*** Listed records Section Begins ***
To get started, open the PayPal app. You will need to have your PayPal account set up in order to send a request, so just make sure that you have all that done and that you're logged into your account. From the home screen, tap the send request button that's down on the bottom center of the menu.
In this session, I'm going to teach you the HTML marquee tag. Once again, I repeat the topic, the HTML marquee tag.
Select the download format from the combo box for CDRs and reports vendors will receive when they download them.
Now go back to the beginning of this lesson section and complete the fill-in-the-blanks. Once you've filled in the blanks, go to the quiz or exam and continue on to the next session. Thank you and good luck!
*** Listed records Section Ends ***
*** Listed records Section Begins ***
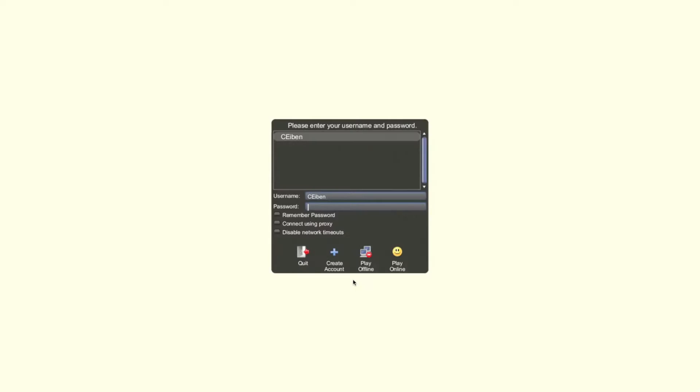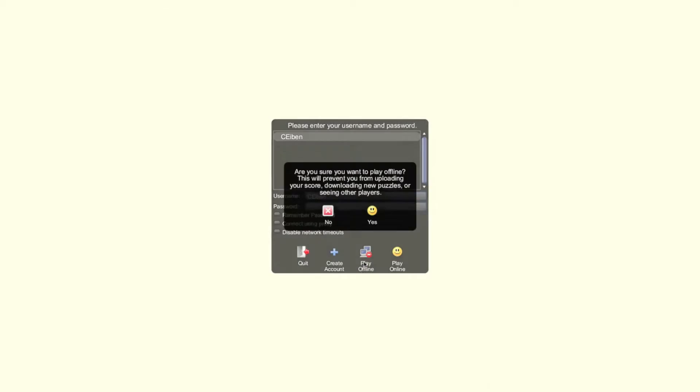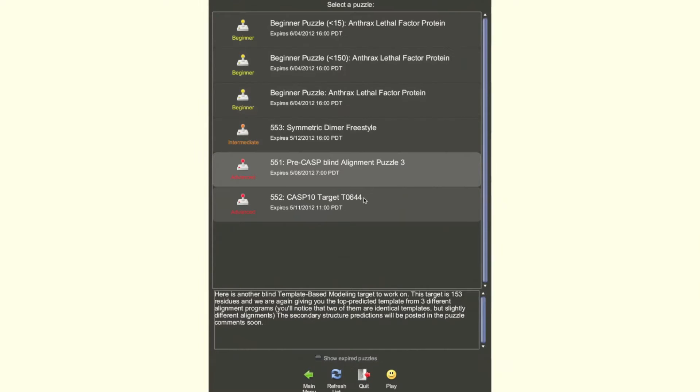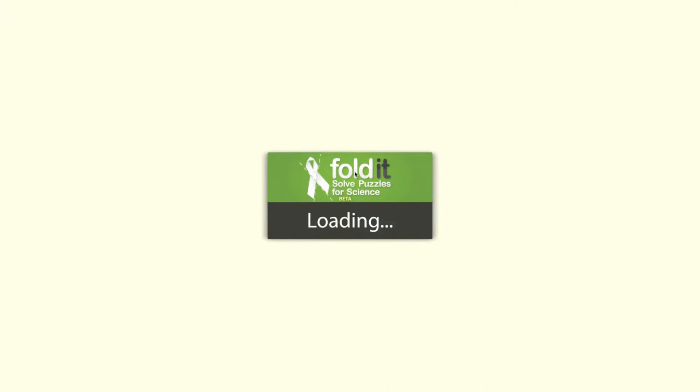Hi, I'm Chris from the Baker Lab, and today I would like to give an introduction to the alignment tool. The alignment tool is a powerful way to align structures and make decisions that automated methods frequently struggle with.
*** Listed records Section Ends ***
**Task brief:**
Take the lines above from the one containing "Select the download" to the one containing "Now go back" and retype them exactly, both ends included, with nothing added.

**Expected output:**
Select the download format from the combo box for CDRs and reports vendors will receive when they download them.
Now go back to the beginning of this lesson section and complete the fill-in-the-blanks. Once you've filled in the blanks, go to the quiz or exam and continue on to the next session. Thank you and good luck!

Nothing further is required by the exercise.